Measurements and output state probabilities in a single circuit

Hello,

I need to know how can we measure and get the probabilities of qubits in the same circuit. For instance, I have 4 qubits, I want to measure q0 and q1 in X-basis and need to know the output state probabilities of all the qubits, if possible or else q0,q2 and q3.

Secondly, Is there any builtin function in pennylane for qubit measurement in X and Y basis or Am I right with the following?

qml.PauliZ(wirenumber) --> measurement in computational basis.
qml.PauliX(wirenumber) --> measurement in X basis.
qml.PauliY(wirenumber) --> measurement in Y basis.

Thanks for the help

Hi @Muhammad_Kashif!

Thank you for the questions

When specifying measurements in a QNode, multiple types of measurements are possible. Sampling using qml.sample will provide outcomes of a specified observable after running a quantum circuit.

The succinct way of having multiple outputs to a QNode is to have combined measurements in the return statement:

import pennylane as qml

dev = qml.device('default.qubit', wires=4, shots=5)

@qml.qnode(dev)
def circuit():
    return qml.sample(qml.PauliX(0)), qml.sample(qml.PauliX(1)), qml.probs(wires=range(4))

circuit()

In this case, PennyLane will be generating samples once and providing the PauliX measurement outcomes as well as the joint probability distribution based on 5 samples (specified by shots=5). The wires for the probability distribution can be provided when specifying the wires argument for qml.probs.

Secondly, Is there any builtin function in pennylane for qubit measurement in X and Y basis or Am I right with the following?

Indeed, using qml.PauliX or qml.PauliY, the PauliX and PauliY observables are used when providing measurement statistics. That’s the same for qml.PauliZ, the PauliZ observable is used. The subtle difference between computational basis state measurements and using the PauliZ observable to obtain statistics is that in the latter case samples are the eigenvalues of the PauliZ operator.

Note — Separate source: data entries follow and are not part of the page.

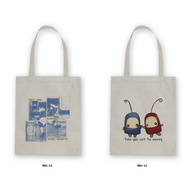 Canvas/Blacu Zipper Tote Bag - Billie Eilish | Hmhas 1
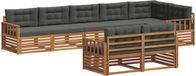 vidaXL - Canapé d'angle - 8 places - Naturel et anthracite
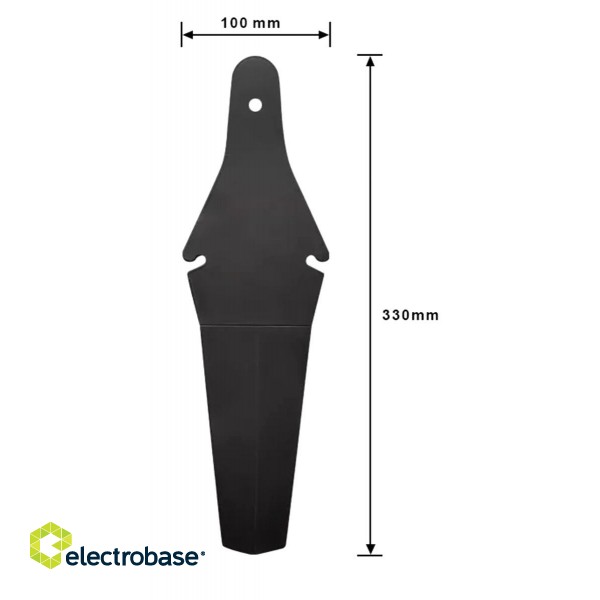 Urheiluun ja aktiiviseen virkistykseen // Bicycle accessories // RW20B Błotnik rowerowy tył czarny image 3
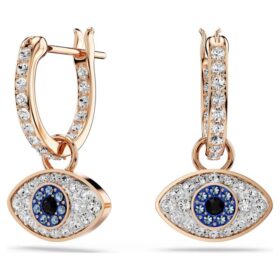 Brincos pendentes Symbolica Eye, multicoloridos, banhados a ouro rosa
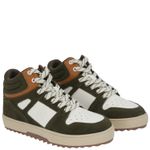 Zapatilla Cuero Niño Moslo Negro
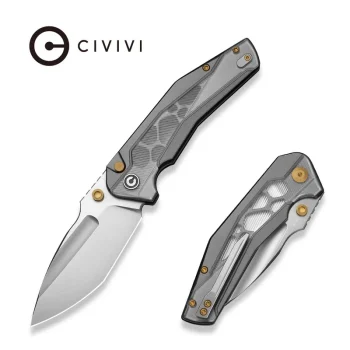Civivi Limited Edition Gray Aluminum with Polished Clear Lexan Inlay Wellmax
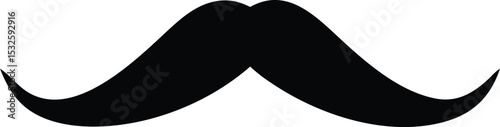Mustache icon vector
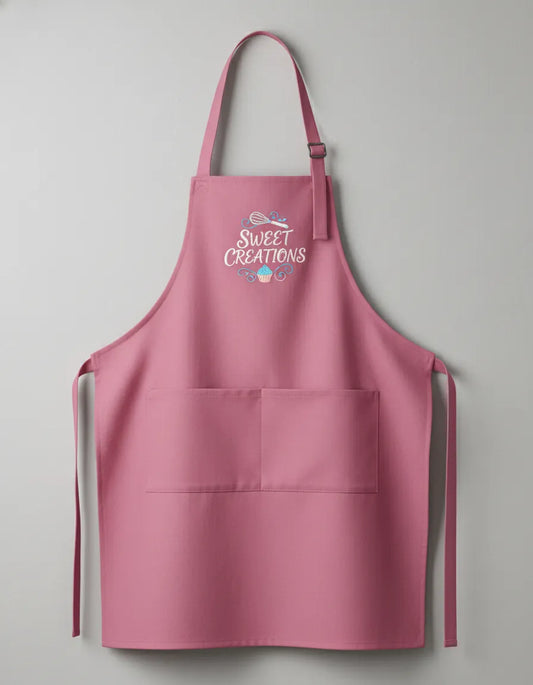 Adjustable Bib Apron w/ Pocket - Unisex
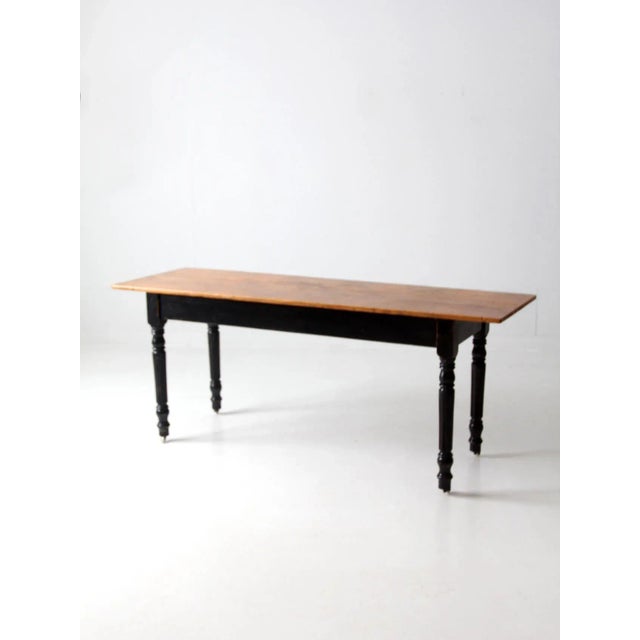 Vintage Farmhouse Dining Table For Sale - Image 6 of 11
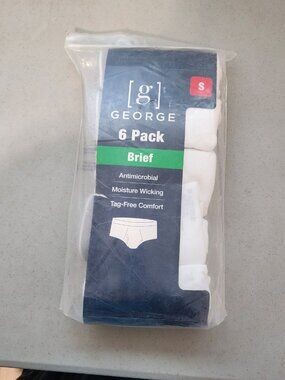 George, 5 of 6 pair package of Men's Briefs.  Small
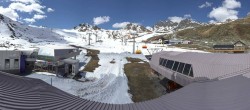 Archived image Webcam Samnaun Alp Trida: Base Station Viderjoch 11:00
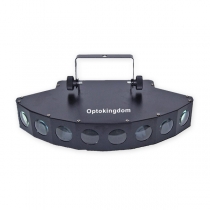 Eight eyes fan-shaped led beam light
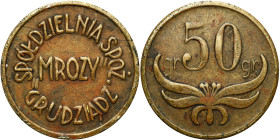 Coins of military cooperatives
POLSKA / POLAND / POLEN / POLSKO / MILITARY

Grudziadz - 50 groszy of the Mrozy" Cooperative of the 65th Infantry Re...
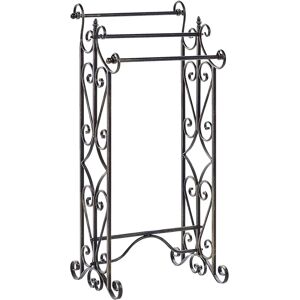 Beliani Towel Stand CHILLAN - Vintage Metal Bathroom Accessory Beliani Towel Stand CHILLAN - Vintage Metal Bathroom Accessory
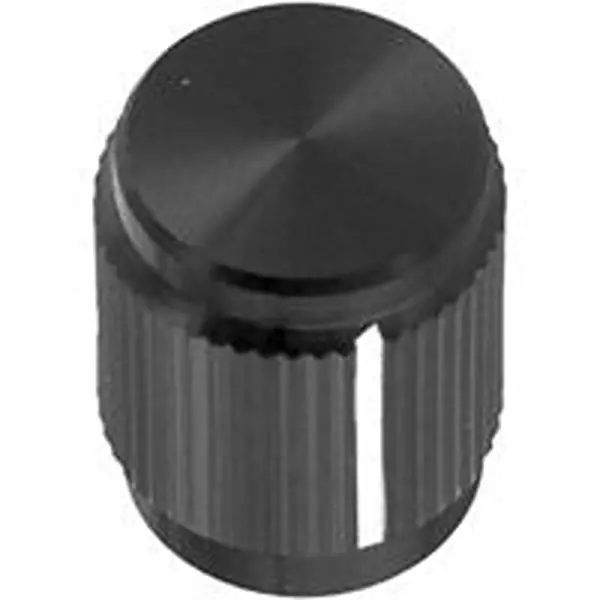 ALCOSWITCH - TE CONNECTIVITY Straight Knurled Knob W/ Line Ind 6.38Mm, Kn500B1/4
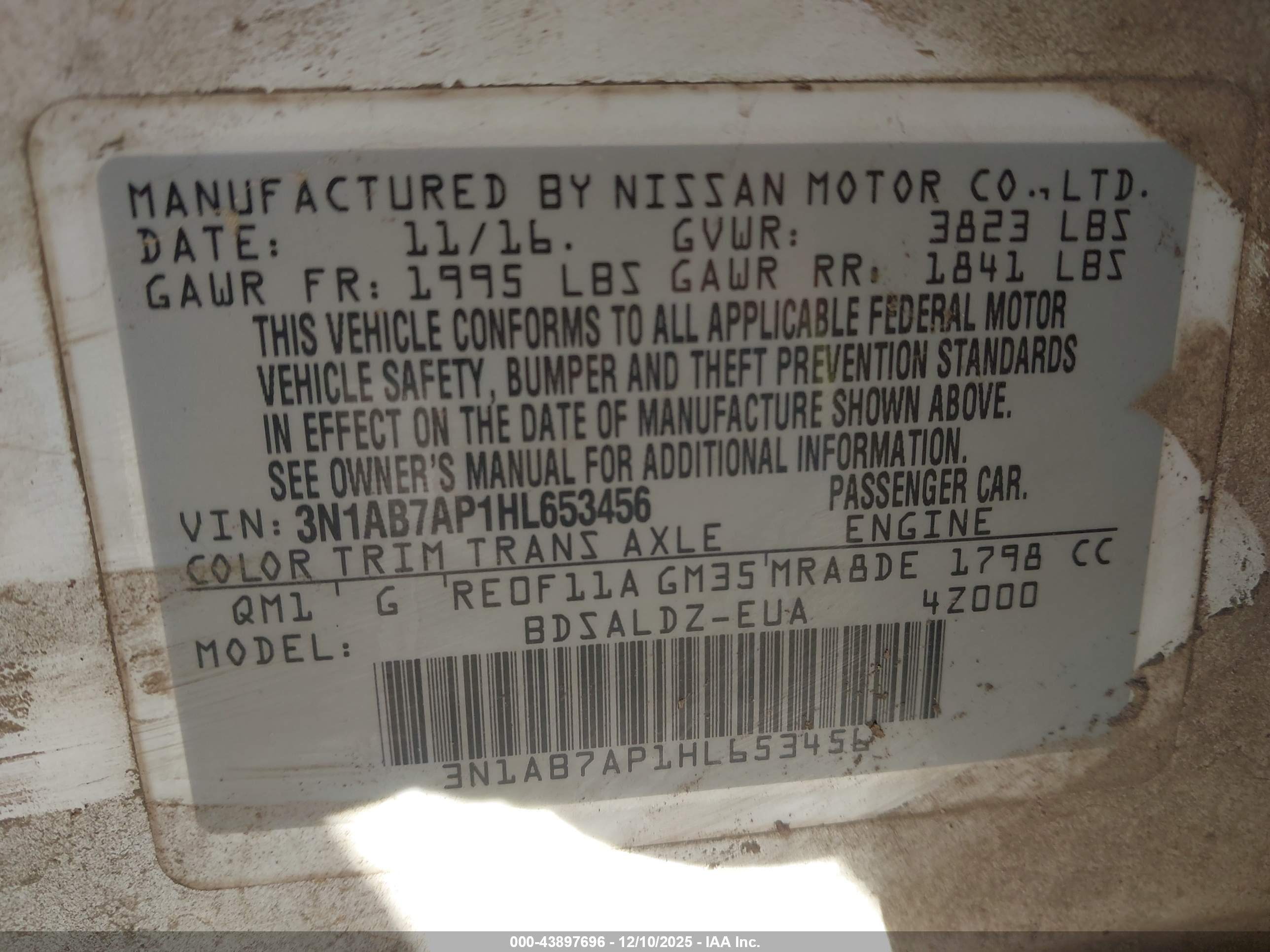NISSAN SENTRA image 9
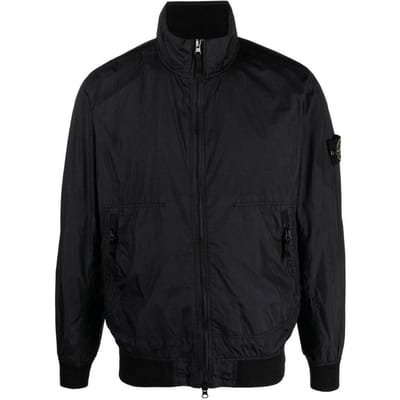 Stone Island Crinkle Reps Jas Zwart Heren Buitenkleding 781542822-V0029 S black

Therefore, 1 is the outcome for sampling the |0> basis state and 1is the outcome for sampling the|1>` state.

import pennylane as qml

dev = qml.device('default.qubit', wires=1, shots=5)

@qml.qnode(dev)
def circuit():
    return qml.sample(qml.PauliZ(0))

circuit()

array([1, 1, 1, 1, 1])

The |1> case can be checked by flipping the first qubit using qml.PauliX(0).

Hope this clears up things, let us know if you have further questions!

Hi @antalszava,

Thanks for the answer, However I am still a little confused on how to interpret the output. For instance for the below circuit:

import pennylane as qml
dev1 = qml.device(“default.qubit”, wires=4, shots =10)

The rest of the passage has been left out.